Isidore of Miletus is known to history as one of two architects who designed the sixth century rebuilding of the Hagia Sophia in Constantinople (today’s Istanbul). The second church built on the same site was destroyed during the Nika riots of 532. The Emperor Justinian had just embarked on an enormous building plan at the time. He hired Isidore and Anthemius of Tralles to build a third church that would last for many ages. Justinian was a man of big ideas who insisted upon making big statements concerning his own personal power and that of what was then the Roman Empire. The architects did not let him down. Isidore helped to engineer a structure that still stands today. Justinian had materials brought from all over the empire: porphyry from Egypt, green marble from Thessaly, black stone from the Bosporus region and yellow stone from Syria. More than ten thousand people were employed during the construction. When it was completed the new church was immediately recognized as a genius work of architecture. Isidore and his partner may have relied on the theories of Heron of Alexandria. The church is supported by an enormous dome covering an equally large space. Later visitors to Hagia Sophia described standing in the church and looking up at the dome, which was said to appear to be as suspended upon a golden chain. Russian visitors in the late tenth century claimed they felt as though they were in heaven standing beneath the dome.
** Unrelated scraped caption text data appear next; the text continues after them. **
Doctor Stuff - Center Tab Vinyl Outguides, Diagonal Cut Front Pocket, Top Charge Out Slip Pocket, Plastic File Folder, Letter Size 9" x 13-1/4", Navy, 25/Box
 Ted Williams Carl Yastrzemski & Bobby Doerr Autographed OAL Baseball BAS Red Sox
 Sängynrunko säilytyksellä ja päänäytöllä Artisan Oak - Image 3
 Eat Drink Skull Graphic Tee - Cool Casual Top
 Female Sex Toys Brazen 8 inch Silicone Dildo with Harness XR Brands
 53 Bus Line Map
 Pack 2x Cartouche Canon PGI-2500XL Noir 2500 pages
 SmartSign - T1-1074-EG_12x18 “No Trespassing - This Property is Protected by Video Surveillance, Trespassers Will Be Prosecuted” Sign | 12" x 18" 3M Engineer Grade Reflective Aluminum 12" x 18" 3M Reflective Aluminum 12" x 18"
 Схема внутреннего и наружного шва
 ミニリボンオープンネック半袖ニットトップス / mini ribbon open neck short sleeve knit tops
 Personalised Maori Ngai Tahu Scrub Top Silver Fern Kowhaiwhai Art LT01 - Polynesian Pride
Prior to taking the Hagia Sophia job, Isidore had a long career teaching physics in Alexandria, Egypt, and later at Constantinople. He was a prolific writer as well, focusing on the history and science of construction. He collected and publicized the writings of Eutocius, which were commentaries on the mathematics of Achimedes and Apollonius, which helped to revive interest in their works. Through his efforts, these important writings were preserved and passed down the generations. Isidore was also an able mathematician, to whom we owe the T-square, the string construction of a parabola, and possibly the apocryphal Book XV of Euclid’s Elements.